▶ **THE TASK**
Counting from the line that holds "Foto del edificio", return each line exactly, through and including the last line of the entries.
*** INPUT DATA ***
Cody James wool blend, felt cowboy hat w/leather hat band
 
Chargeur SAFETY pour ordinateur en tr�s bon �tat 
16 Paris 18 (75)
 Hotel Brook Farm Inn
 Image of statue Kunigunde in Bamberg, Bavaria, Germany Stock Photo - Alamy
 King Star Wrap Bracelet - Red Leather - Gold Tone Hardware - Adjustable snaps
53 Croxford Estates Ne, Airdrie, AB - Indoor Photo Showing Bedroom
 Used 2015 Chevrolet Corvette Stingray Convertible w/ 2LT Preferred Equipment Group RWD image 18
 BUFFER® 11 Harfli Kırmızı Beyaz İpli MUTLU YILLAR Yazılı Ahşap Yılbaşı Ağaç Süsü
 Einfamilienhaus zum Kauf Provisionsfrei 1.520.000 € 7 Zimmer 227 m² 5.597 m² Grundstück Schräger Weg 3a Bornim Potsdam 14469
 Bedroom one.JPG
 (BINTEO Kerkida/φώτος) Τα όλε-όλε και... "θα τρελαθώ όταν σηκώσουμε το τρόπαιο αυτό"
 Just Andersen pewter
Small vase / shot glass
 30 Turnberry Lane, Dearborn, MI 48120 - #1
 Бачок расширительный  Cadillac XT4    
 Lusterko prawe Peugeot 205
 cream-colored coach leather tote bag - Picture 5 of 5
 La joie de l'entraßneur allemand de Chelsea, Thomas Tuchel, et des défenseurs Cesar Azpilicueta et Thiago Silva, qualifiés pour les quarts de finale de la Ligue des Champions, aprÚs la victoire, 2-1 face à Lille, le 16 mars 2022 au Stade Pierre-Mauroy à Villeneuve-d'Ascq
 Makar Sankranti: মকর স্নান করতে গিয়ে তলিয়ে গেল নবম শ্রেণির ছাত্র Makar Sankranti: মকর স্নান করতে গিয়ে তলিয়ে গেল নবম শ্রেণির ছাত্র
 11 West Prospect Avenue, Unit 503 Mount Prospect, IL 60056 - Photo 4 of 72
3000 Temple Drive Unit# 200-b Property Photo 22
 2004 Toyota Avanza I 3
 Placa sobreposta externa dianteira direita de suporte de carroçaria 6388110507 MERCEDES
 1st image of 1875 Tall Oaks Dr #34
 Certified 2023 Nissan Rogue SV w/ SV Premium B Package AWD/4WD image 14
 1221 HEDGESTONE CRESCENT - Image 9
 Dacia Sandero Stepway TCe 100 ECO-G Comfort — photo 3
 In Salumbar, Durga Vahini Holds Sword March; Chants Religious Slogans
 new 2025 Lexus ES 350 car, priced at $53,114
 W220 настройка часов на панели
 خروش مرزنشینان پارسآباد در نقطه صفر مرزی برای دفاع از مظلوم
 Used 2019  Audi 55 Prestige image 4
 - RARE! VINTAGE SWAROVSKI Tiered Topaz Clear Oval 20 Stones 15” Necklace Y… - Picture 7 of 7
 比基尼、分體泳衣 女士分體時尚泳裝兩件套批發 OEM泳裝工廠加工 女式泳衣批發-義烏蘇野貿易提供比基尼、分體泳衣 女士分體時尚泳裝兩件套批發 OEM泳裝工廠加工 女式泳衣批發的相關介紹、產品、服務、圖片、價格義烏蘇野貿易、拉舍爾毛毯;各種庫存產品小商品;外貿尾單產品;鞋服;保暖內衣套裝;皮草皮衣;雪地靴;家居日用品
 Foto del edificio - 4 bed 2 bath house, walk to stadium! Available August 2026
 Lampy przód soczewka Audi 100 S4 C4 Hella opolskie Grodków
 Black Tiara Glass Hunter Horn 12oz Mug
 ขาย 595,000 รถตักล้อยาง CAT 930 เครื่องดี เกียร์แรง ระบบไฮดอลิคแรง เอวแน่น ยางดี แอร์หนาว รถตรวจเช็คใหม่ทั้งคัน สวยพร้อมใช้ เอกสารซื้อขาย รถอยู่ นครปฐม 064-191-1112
*** End of INPUT DATA ***
▶ **COMPLETED TASK**
 Foto del edificio - 4 bed 2 bath house, walk to stadium! Available August 2026
 Lampy przód soczewka Audi 100 S4 C4 Hella opolskie Grodków
 Black Tiara Glass Hunter Horn 12oz Mug
 ขาย 595,000 รถตักล้อยาง CAT 930 เครื่องดี เกียร์แรง ระบบไฮดอลิคแรง เอวแน่น ยางดี แอร์หนาว รถตรวจเช็คใหม่ทั้งคัน สวยพร้อมใช้ เอกสารซื้อขาย รถอยู่ นครปฐม 064-191-1112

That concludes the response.